Let’s start with the basics. There is no such thing as “One Single Europe“. Within Europe there are Regions, and they perform quite differently. There is Northern Europe doing reasonably well, and then there is everything else.

Germany, Austria, the Scandinavian countries are alright. Italy, Spain, Greece and most of the Eastern EU members are doing poorly, or very poorly. We are talking about national debt as high as 130% of GDP in Italy, while the economy keeps contracting, and 25% unemployment rate in Spain and Greece. And their collective bad performance clearly is not due to the ups and downs of the “business cycle“. Their abysmal conditions are due to the cumulative effects of systemic problems. Among them: lack of investments, negligible innovation, high labor costs, unaffordable entitlement programs, inefficient public services, too much debt and negative fertility rates leading to declining populations with a higher and higher proportion of senior citizens.    

The North is doing fine, the South very poorly

If we average the more robust economies of the North and all the others, we see that Europe is finally in positive territory. But an optimistic reading of these very weak numbers would be self-deception. A o,3% average rate of growth within the 17 members Eurozone is poor to begin with, and it certainly does not mean that Europe as a whole has emerged from the worst downturn since WWII. 

The fact is that Germany is up by 0.7%, and this is reasonably good news; while Italy, down by 0.2%, continues its slow but steady decline. France, given its precarious economy and mediocre leadership provided by President Francois Hollande, did surprisingly well, with growth of + 0.5%. But we shall see if this rate is sustainable. 

So, bottom line: in Europe North is doing OK, South and East are doing badly.

Muted EU reaction

Therefore, If we take all this in, the almost enthusiastic commentary depicting a reborn Europe finally back on its feet and-ready to engage the world that appeared in all international business media looks rather odd.
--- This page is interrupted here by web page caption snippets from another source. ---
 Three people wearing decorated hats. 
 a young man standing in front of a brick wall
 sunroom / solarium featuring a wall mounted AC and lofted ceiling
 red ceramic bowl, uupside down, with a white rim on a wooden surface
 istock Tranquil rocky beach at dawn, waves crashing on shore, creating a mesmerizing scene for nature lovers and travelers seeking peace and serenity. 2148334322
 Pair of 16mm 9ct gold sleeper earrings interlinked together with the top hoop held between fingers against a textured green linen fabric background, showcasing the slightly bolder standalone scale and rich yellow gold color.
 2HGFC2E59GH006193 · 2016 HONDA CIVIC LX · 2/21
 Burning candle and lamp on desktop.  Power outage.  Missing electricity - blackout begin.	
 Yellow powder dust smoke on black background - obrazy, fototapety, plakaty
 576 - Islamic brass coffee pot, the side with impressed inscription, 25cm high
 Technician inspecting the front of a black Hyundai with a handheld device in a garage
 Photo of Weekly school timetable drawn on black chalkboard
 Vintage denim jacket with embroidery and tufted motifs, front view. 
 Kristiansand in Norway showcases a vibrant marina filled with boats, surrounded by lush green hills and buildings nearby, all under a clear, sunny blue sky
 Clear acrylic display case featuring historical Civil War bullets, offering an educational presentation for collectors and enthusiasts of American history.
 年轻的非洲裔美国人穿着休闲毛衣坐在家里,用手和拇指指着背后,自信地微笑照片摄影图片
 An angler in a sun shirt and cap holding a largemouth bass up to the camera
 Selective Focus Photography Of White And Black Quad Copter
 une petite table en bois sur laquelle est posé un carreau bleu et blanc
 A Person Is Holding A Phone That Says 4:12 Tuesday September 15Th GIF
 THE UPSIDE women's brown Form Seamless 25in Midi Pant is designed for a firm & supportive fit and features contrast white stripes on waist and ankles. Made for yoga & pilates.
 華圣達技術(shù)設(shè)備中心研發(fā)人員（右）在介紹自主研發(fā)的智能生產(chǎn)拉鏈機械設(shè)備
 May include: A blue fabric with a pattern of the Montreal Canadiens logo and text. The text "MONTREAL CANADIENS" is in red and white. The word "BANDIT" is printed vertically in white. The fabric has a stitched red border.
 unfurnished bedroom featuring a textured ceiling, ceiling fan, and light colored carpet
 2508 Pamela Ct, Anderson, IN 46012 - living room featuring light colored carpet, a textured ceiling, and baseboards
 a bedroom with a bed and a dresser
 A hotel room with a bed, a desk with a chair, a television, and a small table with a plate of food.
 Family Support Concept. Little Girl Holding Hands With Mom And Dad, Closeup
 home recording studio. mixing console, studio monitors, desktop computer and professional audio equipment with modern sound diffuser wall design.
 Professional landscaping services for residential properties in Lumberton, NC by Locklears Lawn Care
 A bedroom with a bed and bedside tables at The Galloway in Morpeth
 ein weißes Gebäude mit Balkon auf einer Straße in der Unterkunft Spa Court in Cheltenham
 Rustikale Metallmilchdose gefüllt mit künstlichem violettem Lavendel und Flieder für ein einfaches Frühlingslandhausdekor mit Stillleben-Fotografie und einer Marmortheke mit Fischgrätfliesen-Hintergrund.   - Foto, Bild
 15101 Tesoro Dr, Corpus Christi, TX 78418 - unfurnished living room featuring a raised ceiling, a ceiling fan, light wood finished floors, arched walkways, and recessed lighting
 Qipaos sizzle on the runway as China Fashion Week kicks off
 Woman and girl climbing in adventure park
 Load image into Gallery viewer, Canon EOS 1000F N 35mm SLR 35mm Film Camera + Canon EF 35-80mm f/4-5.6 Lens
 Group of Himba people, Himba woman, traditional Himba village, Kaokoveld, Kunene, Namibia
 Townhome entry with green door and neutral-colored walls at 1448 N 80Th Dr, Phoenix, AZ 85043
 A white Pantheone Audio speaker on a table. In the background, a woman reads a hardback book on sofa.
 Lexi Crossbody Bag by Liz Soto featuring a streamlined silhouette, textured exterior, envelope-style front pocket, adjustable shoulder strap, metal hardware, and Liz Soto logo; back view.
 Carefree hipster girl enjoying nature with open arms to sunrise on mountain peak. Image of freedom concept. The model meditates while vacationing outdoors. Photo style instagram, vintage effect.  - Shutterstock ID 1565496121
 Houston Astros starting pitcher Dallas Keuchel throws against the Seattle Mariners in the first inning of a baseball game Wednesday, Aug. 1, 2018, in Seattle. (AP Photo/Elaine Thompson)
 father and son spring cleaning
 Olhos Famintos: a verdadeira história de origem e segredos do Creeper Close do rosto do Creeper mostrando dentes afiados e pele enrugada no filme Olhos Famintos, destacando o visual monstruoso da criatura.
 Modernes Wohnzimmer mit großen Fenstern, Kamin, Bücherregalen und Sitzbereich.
In fact, even key EU officials had a rather muted public reaction to the improved numbers. “Recovery is at hand“, commented Olli Rehn, EU Commissioner for Economic Affairs. However, he added that, in order to secure real success, Europe needs to persevere in its efforts against the crisis. “Reforms have to continue“, he added. “This is not a day for self-congratulatory celebrations about the end of the crisis“.

Serious reforms anyone?

Well, this is a rather sober assessment. Yet, Olli Rehn is right: “reforms” have to continue. But, beyond imposed austerity that does not do a lot of good in the short and medium term, as it causes aggregate demand to contract, the good reforms are not coming in the countries that need them most. Southern Europe badly needs a pro-business, pro-investment “enabling environment“.

Political resistance

But there is strong political and cultural resistance against meaningful change. Simply stated, Greek and Italian policy-makers are unable to reform labor markets and change tax laws so that enterprise will flourish and new investments will be made.  Besides, in Southern Europe the public sector remains too big and inefficient. It costs too much money, (hence the ballooning debt), without bringing much value.  However, serious public administration streamlining would be fiercely fought by all the civil servants unions.

As a result, scarce capital is not invested in productive endeavors; it is wasted on coddled constituencies that no one wants to antagonize. Lacking real reforms, we are left with silly gestures, like Italy’s decision to cut down the number of officials entitled to have car and driver at taxpayers’ expenses. In Greece the attempt by the government to shut down the costly and inefficient national broadcasting company caused a major upheaval.

In other words, they –governments and people– are not serious. And credible economic growth strategies require serious policy-makers and serious societies determined to bring about serious changes.